Daryl Donjon, CEO and President of Wayne-White Counties Electric Cooperative, said the legislation was a “potentially devastating” prospect.
“It would allow the price of CO2 emissions to be established by Wall Street rather than Main Street,” he stressed. “It is an unfair tax to the Midwest and would raise electric rates by 80 percent.”
Shimkus said those who would “get hurt the most is rural America.”
“Estimates vary as to how much cap-and-trade will end up costing consumers. But electricity prices could go up somewhere between 44 and 129 percent. Gasoline prices could go up between 61 cents and $2.53 per gallon. Natural gas prices, for home heating and in fertilizer production, will go up between 108 and 146 percent,” Shimkus predicted.
Shimkus’ opponents claim the legislation could help not only reduce energy bills, but save “Illinois households $810 per year.”

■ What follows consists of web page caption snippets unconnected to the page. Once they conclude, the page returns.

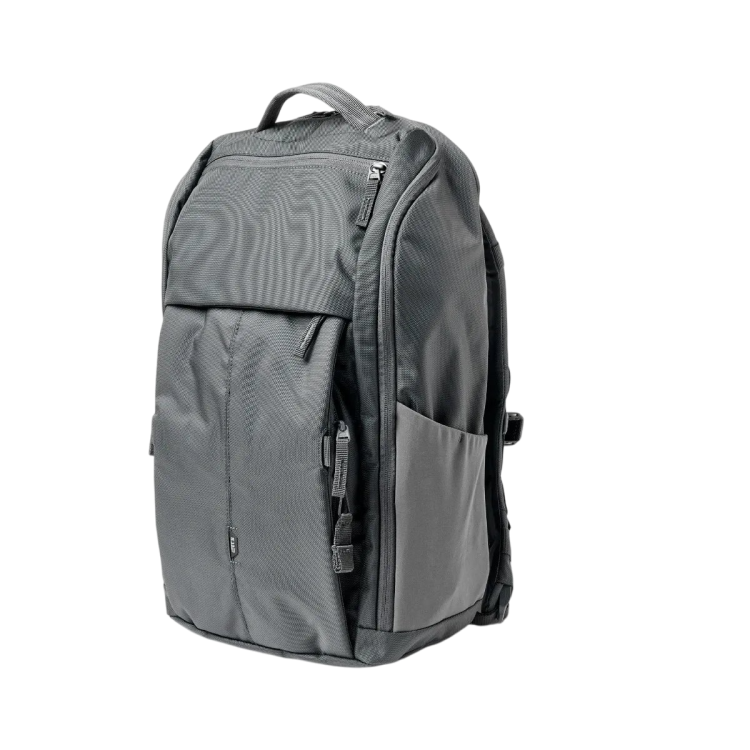 LVC12 Backpack, 25 L, 5.11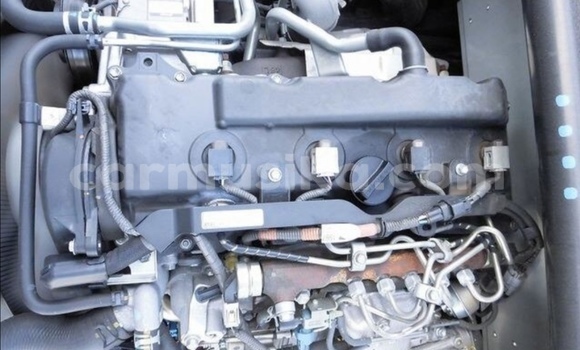 Nunua Ilio tumika Toyota Dyna Nyeupe Lori ndani ya Beitbridge nchini Matabeleland Kusini Nunua Ilio tumika Toyota Dyna Nyeupe Lori ndani ya Beitbridge nchini Matabeleland Kusini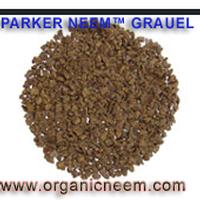 neem cake,neem organic fertilizer,neek cake manure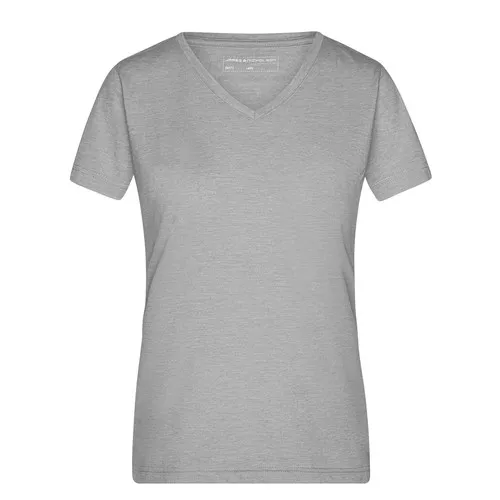 T-shirt femme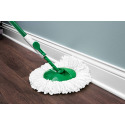 Libman® 1283 
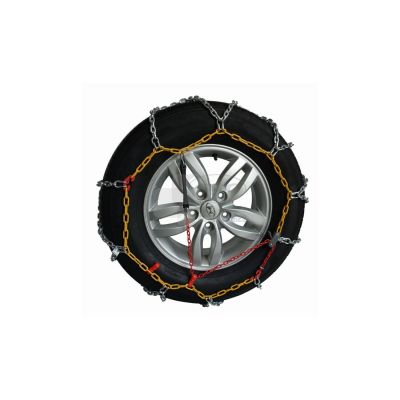 Chaînes à neige G16
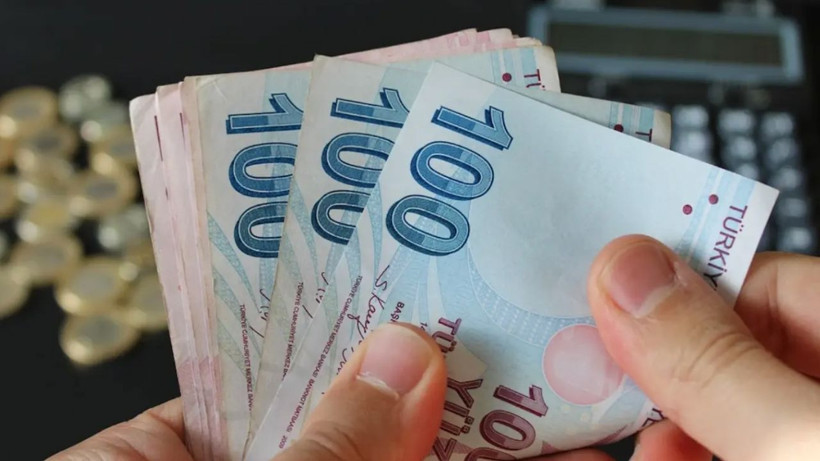 Sadece faiz yetmez... Ev alırken cüzdanı boşaltan ek masraflar - Resim: 4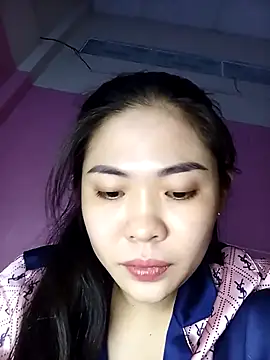 Snapshot of Cherry_pusy99 chatting on November 5, 2025, 1:03 pm Cherry pusy99 online show from November 5, 2025, 1:03 pm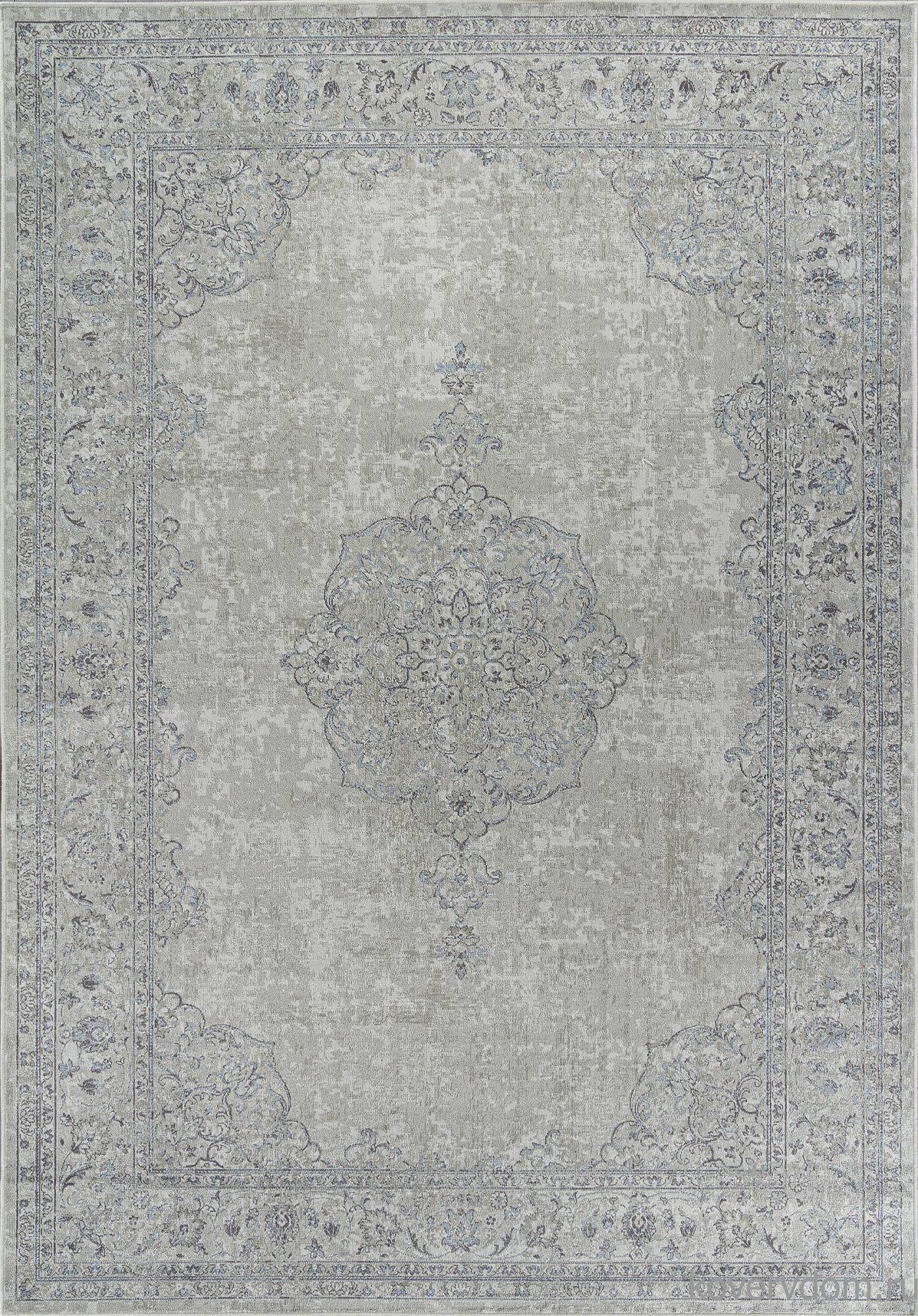 Ковер LIVANTE 927909 6646 V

“Illinois residents don’t want scare tactics, they want solutions,” McGovern said. “Now is the time to transition to clean energy and create the thousands of jobs Illinois desperately needs.”
Others joining Shimkus during the press conference were McLeansboro Mayor Dick Deitz, Hamilton County Board chairman and Rend Lake College board member Dr. Donald Mitchell and Rend Lake College President Charley Holstein.